## Work to complete
Would you transcribe all of the data exactly, down to the last character?

## Excerpted data

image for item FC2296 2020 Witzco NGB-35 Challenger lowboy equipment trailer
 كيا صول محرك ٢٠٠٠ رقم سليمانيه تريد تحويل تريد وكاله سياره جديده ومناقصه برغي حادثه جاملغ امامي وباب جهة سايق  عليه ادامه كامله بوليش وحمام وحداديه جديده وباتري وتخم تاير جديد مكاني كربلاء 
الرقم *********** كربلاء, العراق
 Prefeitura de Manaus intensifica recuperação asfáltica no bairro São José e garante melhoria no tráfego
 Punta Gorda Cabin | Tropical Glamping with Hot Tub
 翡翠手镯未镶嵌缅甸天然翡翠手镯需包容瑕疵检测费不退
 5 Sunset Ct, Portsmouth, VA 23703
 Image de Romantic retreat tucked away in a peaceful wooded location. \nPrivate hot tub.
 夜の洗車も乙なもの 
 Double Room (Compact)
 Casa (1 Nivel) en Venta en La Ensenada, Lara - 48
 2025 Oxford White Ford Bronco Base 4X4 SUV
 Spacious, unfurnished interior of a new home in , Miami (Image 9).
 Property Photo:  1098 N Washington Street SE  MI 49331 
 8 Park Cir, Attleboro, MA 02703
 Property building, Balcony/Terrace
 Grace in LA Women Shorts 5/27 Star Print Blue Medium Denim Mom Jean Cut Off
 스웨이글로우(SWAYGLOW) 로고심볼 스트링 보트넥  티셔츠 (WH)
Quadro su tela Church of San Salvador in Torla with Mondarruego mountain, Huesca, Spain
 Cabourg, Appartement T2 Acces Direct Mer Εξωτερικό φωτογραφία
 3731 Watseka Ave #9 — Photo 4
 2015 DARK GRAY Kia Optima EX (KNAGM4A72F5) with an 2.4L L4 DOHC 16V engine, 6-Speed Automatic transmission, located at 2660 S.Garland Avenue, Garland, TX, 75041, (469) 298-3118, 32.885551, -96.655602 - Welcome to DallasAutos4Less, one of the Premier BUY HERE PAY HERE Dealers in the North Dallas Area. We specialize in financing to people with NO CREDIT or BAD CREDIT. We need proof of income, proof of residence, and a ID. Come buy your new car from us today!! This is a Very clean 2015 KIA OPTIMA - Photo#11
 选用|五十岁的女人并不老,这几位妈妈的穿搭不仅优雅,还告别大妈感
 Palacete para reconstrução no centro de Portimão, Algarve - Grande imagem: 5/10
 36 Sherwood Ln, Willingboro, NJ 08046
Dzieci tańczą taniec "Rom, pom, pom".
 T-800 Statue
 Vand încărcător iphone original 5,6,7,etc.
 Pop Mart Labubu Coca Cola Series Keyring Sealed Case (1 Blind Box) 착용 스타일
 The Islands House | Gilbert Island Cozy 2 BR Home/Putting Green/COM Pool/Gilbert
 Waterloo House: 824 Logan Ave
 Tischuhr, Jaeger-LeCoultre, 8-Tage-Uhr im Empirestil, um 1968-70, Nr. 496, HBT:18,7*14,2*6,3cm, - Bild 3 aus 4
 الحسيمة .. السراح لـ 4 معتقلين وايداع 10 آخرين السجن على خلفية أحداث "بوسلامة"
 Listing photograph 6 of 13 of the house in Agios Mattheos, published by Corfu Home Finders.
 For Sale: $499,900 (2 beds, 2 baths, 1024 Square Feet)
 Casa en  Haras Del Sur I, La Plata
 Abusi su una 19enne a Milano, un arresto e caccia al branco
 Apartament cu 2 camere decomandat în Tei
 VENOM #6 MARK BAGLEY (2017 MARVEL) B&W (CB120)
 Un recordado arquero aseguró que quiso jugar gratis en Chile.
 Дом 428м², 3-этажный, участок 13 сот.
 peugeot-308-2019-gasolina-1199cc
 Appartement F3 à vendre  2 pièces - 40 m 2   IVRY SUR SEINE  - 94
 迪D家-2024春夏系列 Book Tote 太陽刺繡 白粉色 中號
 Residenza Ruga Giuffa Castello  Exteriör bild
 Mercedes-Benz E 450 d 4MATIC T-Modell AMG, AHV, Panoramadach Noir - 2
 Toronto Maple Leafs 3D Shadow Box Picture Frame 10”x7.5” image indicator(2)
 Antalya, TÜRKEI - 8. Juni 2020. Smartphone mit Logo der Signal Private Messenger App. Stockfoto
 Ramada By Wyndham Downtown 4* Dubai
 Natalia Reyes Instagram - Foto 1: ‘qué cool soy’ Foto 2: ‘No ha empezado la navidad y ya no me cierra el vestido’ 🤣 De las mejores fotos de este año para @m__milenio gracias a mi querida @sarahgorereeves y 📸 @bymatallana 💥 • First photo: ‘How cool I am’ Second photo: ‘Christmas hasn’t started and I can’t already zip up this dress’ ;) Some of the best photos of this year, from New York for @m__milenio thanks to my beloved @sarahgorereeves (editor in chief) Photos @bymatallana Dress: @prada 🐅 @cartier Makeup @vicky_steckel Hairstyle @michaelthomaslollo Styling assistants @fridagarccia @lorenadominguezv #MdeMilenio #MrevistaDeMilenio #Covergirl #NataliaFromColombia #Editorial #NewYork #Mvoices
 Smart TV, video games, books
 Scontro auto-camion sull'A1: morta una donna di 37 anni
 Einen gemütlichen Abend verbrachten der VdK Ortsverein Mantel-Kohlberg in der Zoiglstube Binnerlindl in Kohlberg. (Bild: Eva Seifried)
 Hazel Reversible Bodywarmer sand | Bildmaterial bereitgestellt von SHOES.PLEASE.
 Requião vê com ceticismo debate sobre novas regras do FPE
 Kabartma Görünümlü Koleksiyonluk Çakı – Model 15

## Solution to this task
image for item FC2296 2020 Witzco NGB-35 Challenger lowboy equipment trailer
 كيا صول محرك ٢٠٠٠ رقم سليمانيه تريد تحويل تريد وكاله سياره جديده ومناقصه برغي حادثه جاملغ امامي وباب جهة سايق  عليه ادامه كامله بوليش وحمام وحداديه جديده وباتري وتخم تاير جديد مكاني كربلاء 
الرقم *********** كربلاء, العراق
 Prefeitura de Manaus intensifica recuperação asfáltica no bairro São José e garante melhoria no tráfego
 Punta Gorda Cabin | Tropical Glamping with Hot Tub
 翡翠手镯未镶嵌缅甸天然翡翠手镯需包容瑕疵检测费不退
 5 Sunset Ct, Portsmouth, VA 23703
 Image de Romantic retreat tucked away in a peaceful wooded location. \nPrivate hot tub.
 夜の洗車も乙なもの 
 Double Room (Compact)
 Casa (1 Nivel) en Venta en La Ensenada, Lara - 48
 2025 Oxford White Ford Bronco Base 4X4 SUV
 Spacious, unfurnished interior of a new home in , Miami (Image 9).
 Property Photo:  1098 N Washington Street SE  MI 49331 
 8 Park Cir, Attleboro, MA 02703
 Property building, Balcony/Terrace
 Grace in LA Women Shorts 5/27 Star Print Blue Medium Denim Mom Jean Cut Off
 스웨이글로우(SWAYGLOW) 로고심볼 스트링 보트넥  티셔츠 (WH)
Quadro su tela Church of San Salvador in Torla with Mondarruego mountain, Huesca, Spain
 Cabourg, Appartement T2 Acces Direct Mer Εξωτερικό φωτογραφία
 3731 Watseka Ave #9 — Photo 4
 2015 DARK GRAY Kia Optima EX (KNAGM4A72F5) with an 2.4L L4 DOHC 16V engine, 6-Speed Automatic transmission, located at 2660 S.Garland Avenue, Garland, TX, 75041, (469) 298-3118, 32.885551, -96.655602 - Welcome to DallasAutos4Less, one of the Premier BUY HERE PAY HERE Dealers in the North Dallas Area. We specialize in financing to people with NO CREDIT or BAD CREDIT. We need proof of income, proof of residence, and a ID. Come buy your new car from us today!! This is a Very clean 2015 KIA OPTIMA - Photo#11
 选用|五十岁的女人并不老,这几位妈妈的穿搭不仅优雅,还告别大妈感
 Palacete para reconstrução no centro de Portimão, Algarve - Grande imagem: 5/10
 36 Sherwood Ln, Willingboro, NJ 08046
Dzieci tańczą taniec "Rom, pom, pom".
 T-800 Statue
 Vand încărcător iphone original 5,6,7,etc.
 Pop Mart Labubu Coca Cola Series Keyring Sealed Case (1 Blind Box) 착용 스타일
 The Islands House | Gilbert Island Cozy 2 BR Home/Putting Green/COM Pool/Gilbert
 Waterloo House: 824 Logan Ave
 Tischuhr, Jaeger-LeCoultre, 8-Tage-Uhr im Empirestil, um 1968-70, Nr. 496, HBT:18,7*14,2*6,3cm, - Bild 3 aus 4
 الحسيمة .. السراح لـ 4 معتقلين وايداع 10 آخرين السجن على خلفية أحداث "بوسلامة"
 Listing photograph 6 of 13 of the house in Agios Mattheos, published by Corfu Home Finders.
 For Sale: $499,900 (2 beds, 2 baths, 1024 Square Feet)
 Casa en  Haras Del Sur I, La Plata
 Abusi su una 19enne a Milano, un arresto e caccia al branco
 Apartament cu 2 camere decomandat în Tei
 VENOM #6 MARK BAGLEY (2017 MARVEL) B&W (CB120)
 Un recordado arquero aseguró que quiso jugar gratis en Chile.
 Дом 428м², 3-этажный, участок 13 сот.
 peugeot-308-2019-gasolina-1199cc
 Appartement F3 à vendre  2 pièces - 40 m 2   IVRY SUR SEINE  - 94
 迪D家-2024春夏系列 Book Tote 太陽刺繡 白粉色 中號
 Residenza Ruga Giuffa Castello  Exteriör bild
 Mercedes-Benz E 450 d 4MATIC T-Modell AMG, AHV, Panoramadach Noir - 2
 Toronto Maple Leafs 3D Shadow Box Picture Frame 10”x7.5” image indicator(2)
 Antalya, TÜRKEI - 8. Juni 2020. Smartphone mit Logo der Signal Private Messenger App. Stockfoto
 Ramada By Wyndham Downtown 4* Dubai
 Natalia Reyes Instagram - Foto 1: ‘qué cool soy’ Foto 2: ‘No ha empezado la navidad y ya no me cierra el vestido’ 🤣 De las mejores fotos de este año para @m__milenio gracias a mi querida @sarahgorereeves y 📸 @bymatallana 💥 • First photo: ‘How cool I am’ Second photo: ‘Christmas hasn’t started and I can’t already zip up this dress’ ;) Some of the best photos of this year, from New York for @m__milenio thanks to my beloved @sarahgorereeves (editor in chief) Photos @bymatallana Dress: @prada 🐅 @cartier Makeup @vicky_steckel Hairstyle @michaelthomaslollo Styling assistants @fridagarccia @lorenadominguezv #MdeMilenio #MrevistaDeMilenio #Covergirl #NataliaFromColombia #Editorial #NewYork #Mvoices
 Smart TV, video games, books
 Scontro auto-camion sull'A1: morta una donna di 37 anni
 Einen gemütlichen Abend verbrachten der VdK Ortsverein Mantel-Kohlberg in der Zoiglstube Binnerlindl in Kohlberg. (Bild: Eva Seifried)
 Hazel Reversible Bodywarmer sand | Bildmaterial bereitgestellt von SHOES.PLEASE.
 Requião vê com ceticismo debate sobre novas regras do FPE
 Kabartma Görünümlü Koleksiyonluk Çakı – Model 15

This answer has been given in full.